Re: PSI vs. CPU overhead for client computing

Luigi Semenzato <semenzato@xxxxxxxxxx> · Tue, 23 Apr 2019 21:54:31 -0700

Thank you very much Suren.

On Tue, Apr 23, 2019 at 3:04 PM Suren Baghdasaryan <surenb@xxxxxxxxxx> wrote:
>
> Hi Luigi,
>
> On Tue, Apr 23, 2019 at 11:58 AM Luigi Semenzato <semenzato@xxxxxxxxxx> wrote:
> >
> > I and others are working on improving system behavior under memory
> > pressure on Chrome OS.  We use zram, which swaps to a
> > statically-configured compressed RAM disk.  One challenge that we have
> > is that the footprint of our workloads is highly variable.  With zram,
> > we have to set the size of the swap partition at boot time.  When the
> > (logical) swap partition is full, we're left with some amount of RAM
> > usable by file and anonymous pages (we can ignore the rest).  We don't
> > get to control this amount dynamically.  Thus if the workload fits
> > nicely in it, everything works well.  If it doesn't, then the rate of
> > anonymous page faults can be quite high, causing large CPU overhead
> > for compression/decompression (as well as for other parts of the MM).
> >
> > In Chrome OS and Android, we have the luxury that we can reduce
> > pressure by terminating processes (tab discard in Chrome OS, app kill
> > in Android---which incidentally also runs in parallel with Chrome OS
> > on some chromebooks).  To help decide when to reduce pressure, we
> > would like to have a reliable and device-independent measure of MM CPU
> > overhead.  I have looked into PSI and have a few questions.  I am also
> > looking for alternative suggestions.
> >
> > PSI measures the times spent when some and all tasks are blocked by
> > memory allocation.  In some experiments, this doesn't seem to
> > correlate too well with CPU overhead (which instead correlates fairly
> > well with page fault rates).  Could this be because it includes
> > pressure from file page faults?
>
> This might be caused by thrashing (see:
> https://elixir.bootlin.com/linux/v5.1-rc6/source/mm/filemap.c#L1114).
>
> >  Is there some way of interpreting PSI
> > numbers so that the pressure from file pages is ignored?
>
> I don't think so but I might be wrong.
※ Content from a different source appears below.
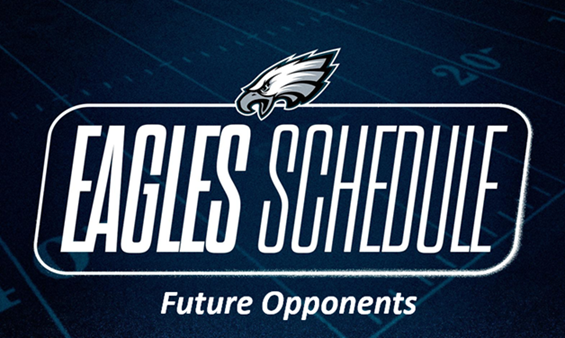 Future-Philadelphia-Eagles-Opponents.png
Notice here
> https://elixir.bootlin.com/linux/v5.1-rc6/source/mm/filemap.c#L1111
> you could probably use delayacct to distinguish file thrashing,
> however remember that PSI takes into account the number of CPUs and
> the number of currently non-idle tasks in its pressure calculations,
> so the raw delay numbers might not be very useful here.

OK.

> > What is the purpose of "some" and "full" in the PSI measurements?  The
> > chrome browser is a multi-process app and there is a lot of IPC.  When
> > process A is blocked on memory allocation, it cannot respond to IPC
> > from process B, thus effectively both processes are blocked on
> > allocation, but we don't see that.
>
> I don't think PSI would account such an indirect stall when A is
> waiting for B and B is blocked on memory access. B's stall will be
> accounted for but I don't think A's blocked time will go into PSI
> calculations. The process inter-dependencies are probably out of scope
> for PSI.

Right, that's what I was also saying.  It would be near impossible to
figure it out.  It may also be that statistically it doesn't matter,
as long as the workload characteristics don't change dramatically.
Which unfortunately they might...

> > Also, there are situations in
> > which some "uninteresting" process keep running.  So it's not clear we
> > can rely on "full".  Or maybe I am misunderstanding?  "Some" may be a
> > better measure, but again it doesn't measure indirect blockage.
>
> Johannes explains the SOME and FULL calculations here:
> https://elixir.bootlin.com/linux/v5.1-rc6/source/kernel/sched/psi.c#L76
> and includes couple examples with the last one showing FULL>0 and some
> tasks still running.

Thank you, yes, those are good explanation.  I am still not sure how
to use this in our case.

I thought about using the page fault rate as a proxy for the
allocation overhead.  Unfortunately it is difficult to figure out the
baseline, because: 1. it is device-dependent (that's not
insurmountable: we could compute a per-device baseline offline); 2.
the CPUs can go in and out of turbo mode, or temperature-throttling,
and the notion of a constant "baseline" fails miserably.

> > The kernel contains various cpustat measurements, including some
> > slightly esoteric ones such as CPUTIME_GUEST and CPUTIME_GUEST_NICE.
> > Would adding a CPUTIME_MEM be out of the question?

Any opinion on CPUTIME_MEM?

Thanks again!

> > Thanks!
> >
>
> Just my 2 cents and Johannes being the author might have more to say here.